Two other things I'd still like to be able to do:
- Monitor latency, for each ISP, over time. (Collecting timings for a few pings, to a handful of relevant remote sites, each hour would suffice.)
- Notify if either either ISP has problems routing to a particular site-of-interest (to me)... as, even if an ISP is up, if it doesn't route packets to my services, I've still got a problem - as I wouldn't be able to fail-over to it.
Is there a similarly easy way to solve these?
-
Status -> Monitoring
You could do one remote site per ISP by changing the monitor IP.
FYI you can't use the same monitoring IP on multiple links.
-
Latency is reported under Status => Monitoring as shown below. Setup the graph to show Quality of the gateways. The delay average I think it what you're looking for. You can change the time scale of the graph using the settings (wrench icon in the upper right). You can also set up a second gateway for the right axis to show the statistics for two gateways at the same time on the same graph.
The monitoring interval/period can be changed under the Routing => Gateways => Advanced settings, but I would suggest leaving them alone. You get good sampling with the defaults. More details on the settings in the book.
https://docs.netgate.com/pfsense/en/latest/book/routing/gateway-settings.htmlI think the second question would be solved with the last suggest in my previous post. Run a tracert to google.com going out from the WAN interface for link you want to monitor. Assuming the first hop will be pfSense, ignore that. The second will likely be the gateway itself such as your modem, ignore that. The third hop might be a routing device in the ISP's network. That's really what you want to use for a monitor IP since it will tell you that the link has a connection to the ISP. It's not 100% guarantee of service, but I think it's better than using something further down the line or closer.

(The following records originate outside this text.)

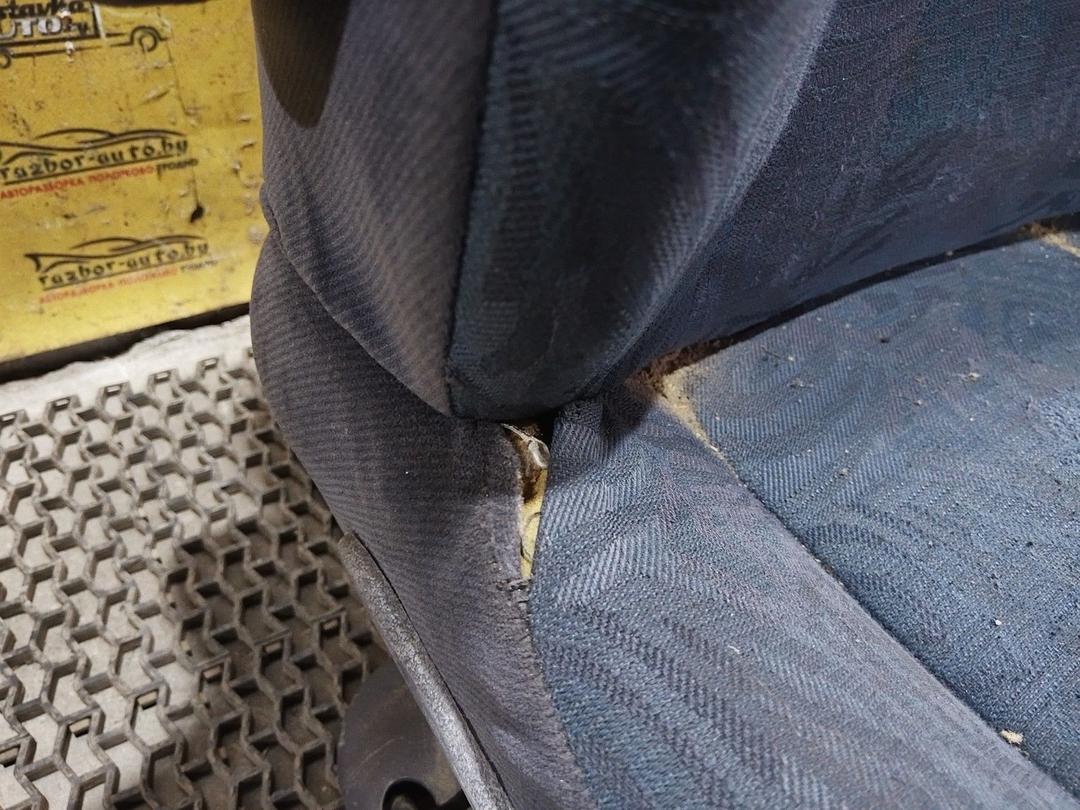 Сиденье переднее IA0BH4 Renault Espace - Фото 5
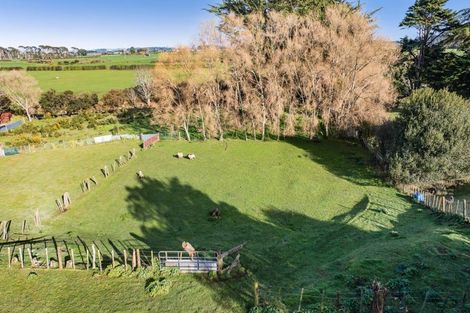 Photo of property in 27a Egmont Street, Kaponga, Hawera, 4679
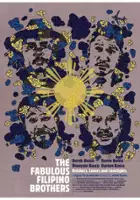 plakat filmu The Fabulous Filipino Brothers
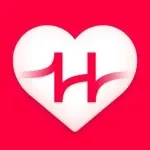 Heartify app icon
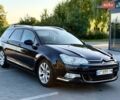 Синий Ситроен С5, объемом двигателя 3 л и пробегом 336 тыс. км за 7400 $, фото 2 на Automoto.ua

I recently set this up and found that the closest pingable device on my ISP's network did respond to ping and it seemed reliable, but after a few hours, it would stop responding for long enough to mark that link as down. The link was not actually down!! Of course it caused my main WAN link to go down. It was not a big deal, but it did switch us over to our inferior 4G LTE emergency service which was obviously not intended. I ended up disabling the gateway monitoring action and switching the monitoring address to the next pingable device on the tracert and this time I monitored it for a month to make sure it wouldn't give me trouble. Learn from my mistake and make sure to test this over a period of time before going live with it, unless you don't mind it switching over to the other link.
-
New update on my own experience. We had a storm in our area take out a bunch of trees and we had a momentary power outage. Coincidentally (or not) a few hours after this, my monitoring IP on my ISP's network decided to stop responding to pings completely. This is after months of doing so reliably. My traffic was still working since I disabled automatic failover due to issues I'm having with my backup gateway (another story). But long story short, go with @NogBadTheBad setting of using Google DNS (8.8.8.8) for the monitor IP. One way or another Google DNS should respond to ping reliably. In my case, I think my ISP may have routed traffic through a different path, maybe due to the storm taking out the part of it I was trying to ping? I have no idea but it was very coincidental.